**What is expected:** Your answer is to be the exact text of the lines from the one containing "240 Hampton Drive, Venice, CA" through the final line of the entries, restated in full, with pictures omitted.

**Exercise materials:**
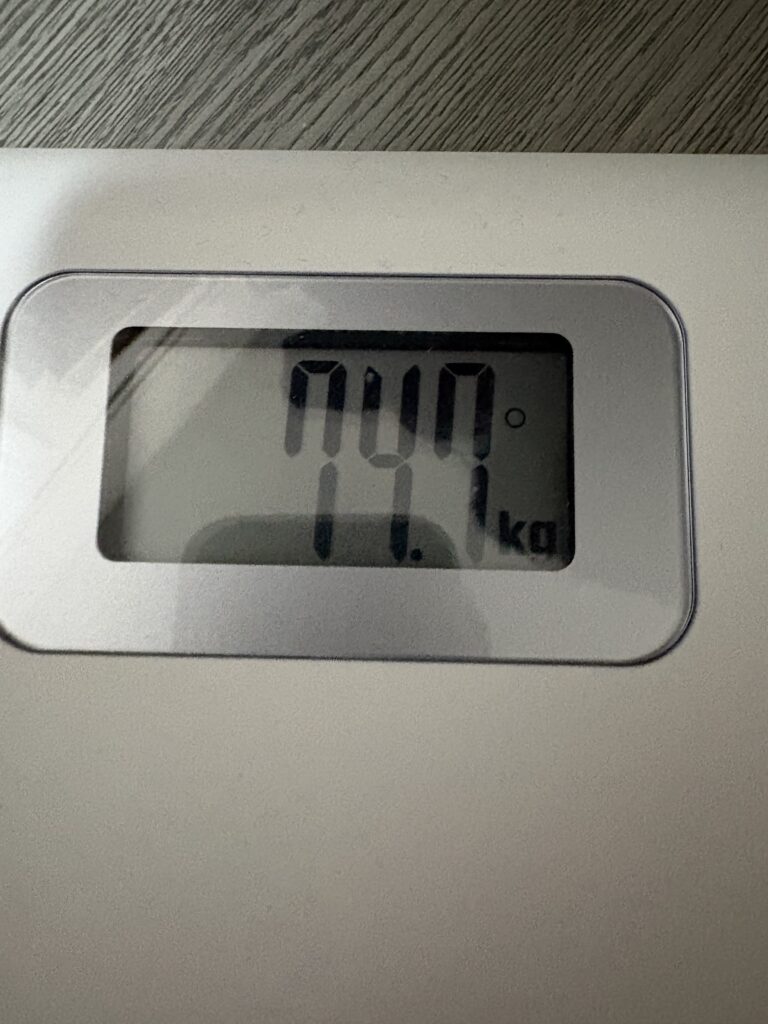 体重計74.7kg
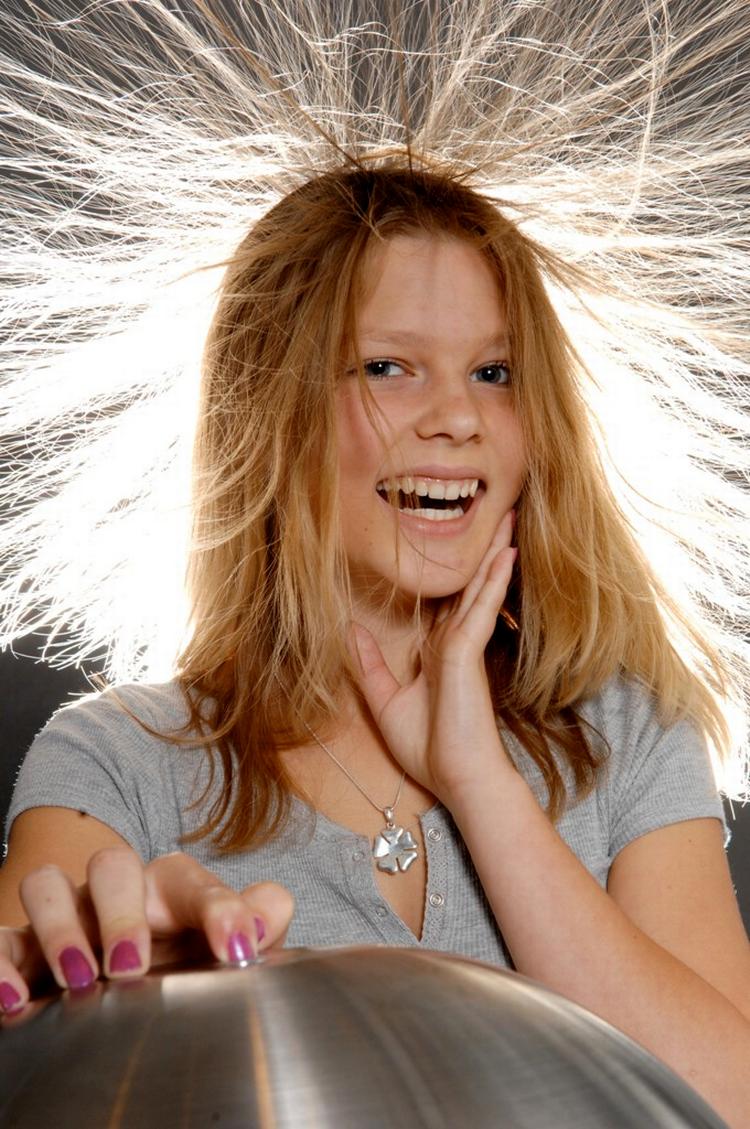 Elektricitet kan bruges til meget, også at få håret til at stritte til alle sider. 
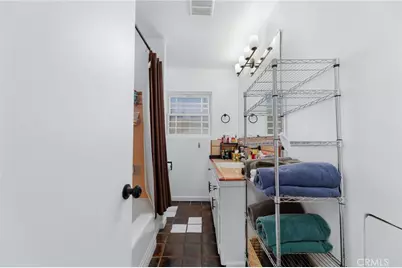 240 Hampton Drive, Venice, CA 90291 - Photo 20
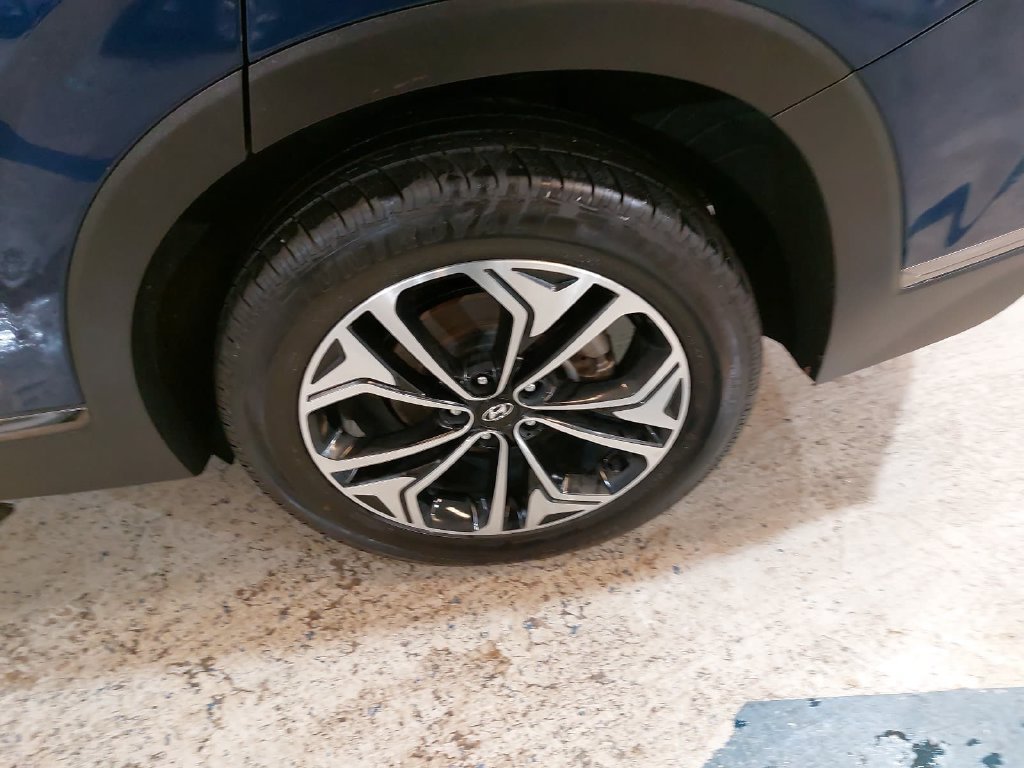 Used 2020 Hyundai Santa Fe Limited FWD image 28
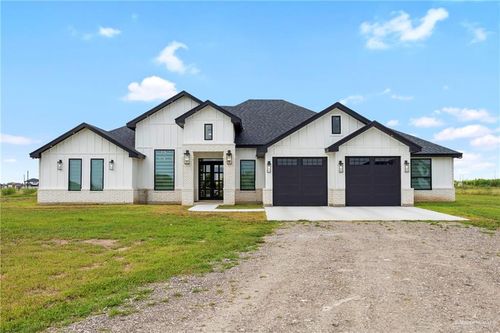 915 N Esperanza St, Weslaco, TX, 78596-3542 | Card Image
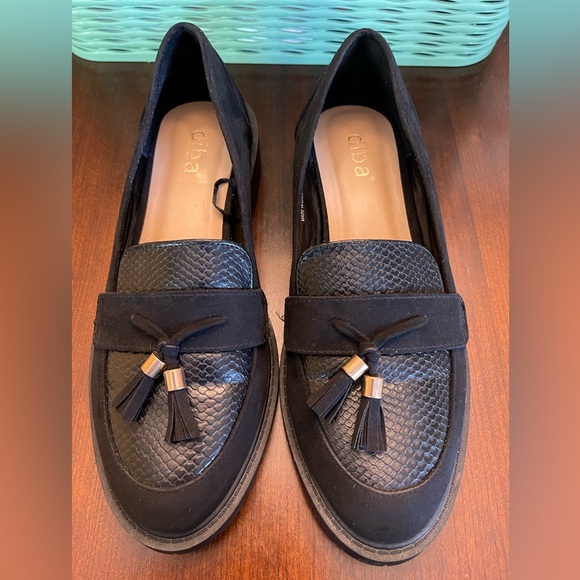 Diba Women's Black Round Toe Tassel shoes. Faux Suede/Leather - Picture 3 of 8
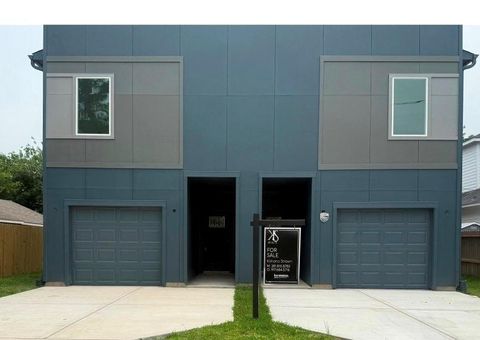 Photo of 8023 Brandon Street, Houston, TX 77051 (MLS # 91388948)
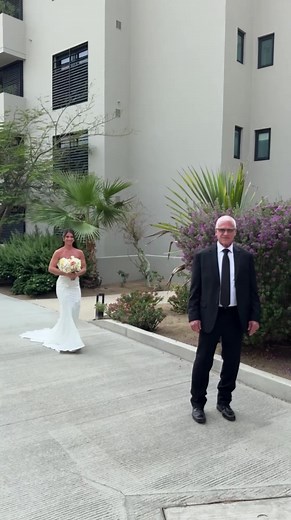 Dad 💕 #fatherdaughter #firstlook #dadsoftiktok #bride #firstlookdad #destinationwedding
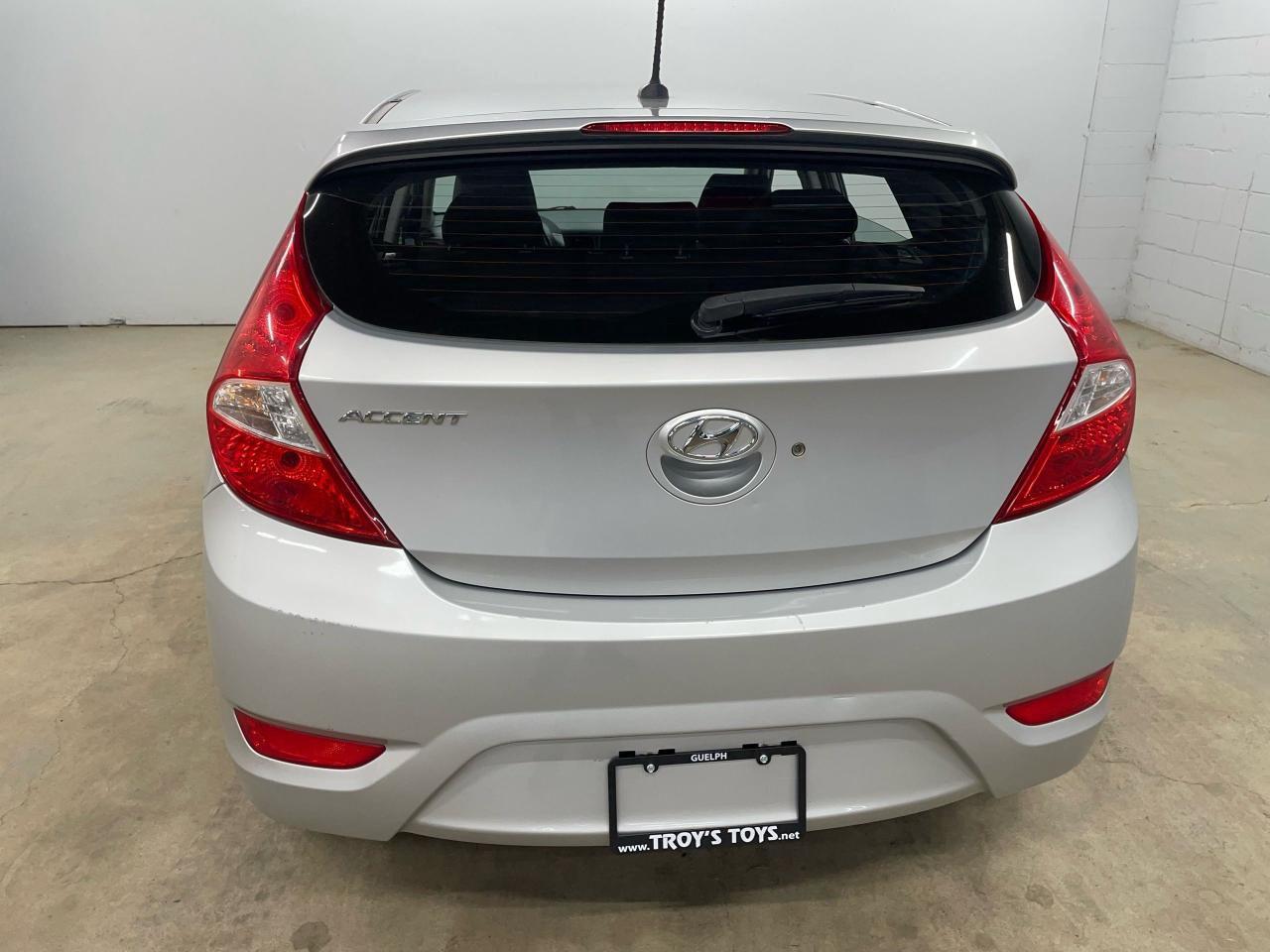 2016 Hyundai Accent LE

**Task response:**
 240 Hampton Drive, Venice, CA 90291 - Photo 20
 Used 2020 Hyundai Santa Fe Limited FWD image 28
 915 N Esperanza St, Weslaco, TX, 78596-3542 | Card Image
 Diba Women's Black Round Toe Tassel shoes. Faux Suede/Leather - Picture 3 of 8
 Photo of 8023 Brandon Street, Houston, TX 77051 (MLS # 91388948)
 Dad 💕 #fatherdaughter #firstlook #dadsoftiktok #bride #firstlookdad #destinationwedding
 2016 Hyundai Accent LE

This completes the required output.